Brian Wood is a web developer and contributor to Adobe Muse Classroom in a Book and Adobe Illustrator CC Classroom in a Book. Follow along with Brian's tutorials and Adobe DPS videos, and soon you'll be creating your own apps.
Adobe Digital Publishing Suite is a hosted solution for creating apps for devices like Apple iPad, with three editions that share a lot of the same publishing functionality. The Single Edition is for individuals and small companies that need to publish a single app. The Professional and Enterprise editions add distribution, monetization, and measurement capabilities. You can find more about each edition here on the Adobe website (see Figure 1).

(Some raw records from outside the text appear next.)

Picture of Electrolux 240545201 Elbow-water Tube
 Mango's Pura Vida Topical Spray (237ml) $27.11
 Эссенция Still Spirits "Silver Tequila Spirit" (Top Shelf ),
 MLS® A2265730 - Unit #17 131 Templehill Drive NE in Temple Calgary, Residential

Figure 1 The Adobe DPS editions
If you are a Creative Cloud (CC) subscriber, DPS, Single Edition is a part of the complete Creative Cloud subscription (see Figure 2). This means you can submit as many apps for the iPad (only) to the Apple App Store as long as you are still a Creative Cloud subscriber. The other two editions (Professional and Enterprise) allow for additional publishing to other devices like Android.
Figure 2 Adobe DPS in the Creative Cloud
I’ve been a Creative Cloud subscriber for a year now, and have been working with DPS Single Edition for a while as well. I’m impressed that we can create an app that is sold on the Apple app store for iPad, with your current InDesign knowledge and NO coding.
Where Does a DPS App Fit In?
These days, there are so many digital formats out there for repurposing print content, such as PDF, HTML, DPS (app), e-book, and more. It can be difficult to figure out which of these formats is best suited to your content. Forever and a day, we used PDF to send electronic documents. While we still do that, with the proliferation of devices that people are viewing content on (see Figure 3), some of the extra functionality added to the PDF, like buttons and video, can be lost.
Figure 3 So many formats...
Adobe DPS Single Edition allows you to create apps that are distributed through the Apple App Store for the iPad. With a PDF and an app, there is some overlap in interactivity: links, videos, and buttons. But you can add more and different kinds of interactivity in an app than a PDF; the app is downloaded on the device once (not accounting for updates to it), and viewed on the device natively without a reader (see Figure 4).
Figure 4 An example of an Adobe DPS app I created on an iPad
When deciding what format to focus on, lots of companies I deal with decide to go with multiple options. To me, creating an app using Adobe DPS is just another digital arrow in your quiver and can open new revenue streams for a different device.